A book that fosters commonality and that brings us closer together.
Questions Asked is extraordinarily profound and encourages readers to seek answers to their own questions. Perfectly complemented by the beautiful illustrations by Akin Düzakin, author Jostein Gaarder provides a deeply philosophical work that will resonate with readers both young and old
Both remarkable books in very different ways, these young reader titles are a marvel of art, story, and imagination.
Intimate and introspective... A haunting and provocative reminder that the void left by a person’s death or departure is often filled by difficult, even unanswerable questions.

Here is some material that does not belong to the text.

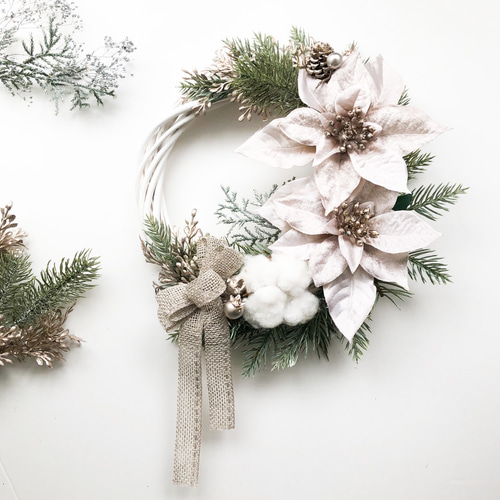 ゴールドベージュのクリスマスリース アートフラワー Ly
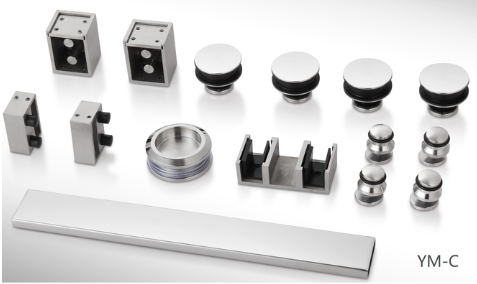 SS304 Frameless Sliding Shower Door Hardware Fittings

Kids will have no trouble discerning the meaningful story told within the pages of Questions Asked. Though there is no dialogue, the boy’s questions, paired with the magical illustrations, tell a powerful, compelling story of love, loss, sorrow, and eventually new hope.
A series of thought-provoking questions, mashed up with Düzakin's dreamy, calming illustrations.... This is a special book for mature readers and budding philosophers... They will find a lot to chew on and discuss.
Questions Asked is extraordinarily profound and encourages readers to seek answers to their own questions.
My favorite question is, “Do ghosts and angels exist?” And my answer is no because no one can prove that. At least, I think so. At the same time, I am afraid of darkness, too!! The illustrations are very good and blend with the reader’s thoughts. The author did a great job of compiling all these questions. It is a great book–read and enjoy it.
PRAISE FOR SOPHIE'S WORLD
A marvellously rich book. Its success boils down to something quite simple - Gaarder's gift for communicating ideas.
Challenging, informative and packed with easily grasped, and imitable, ways of thinking about difficult ideas.
Remarkable...what Jostein Gaarder has managed to do is condense 3000 years of thought into 400 pages; to simplify some extremely complicated arguments without trivialising them...an extraordinary achievement.
A whimsical and ingenious mystery novel that also happens to be a history of philosophy... What is admirable in the novel is the utter unpretentiousness of the philosophical lessons.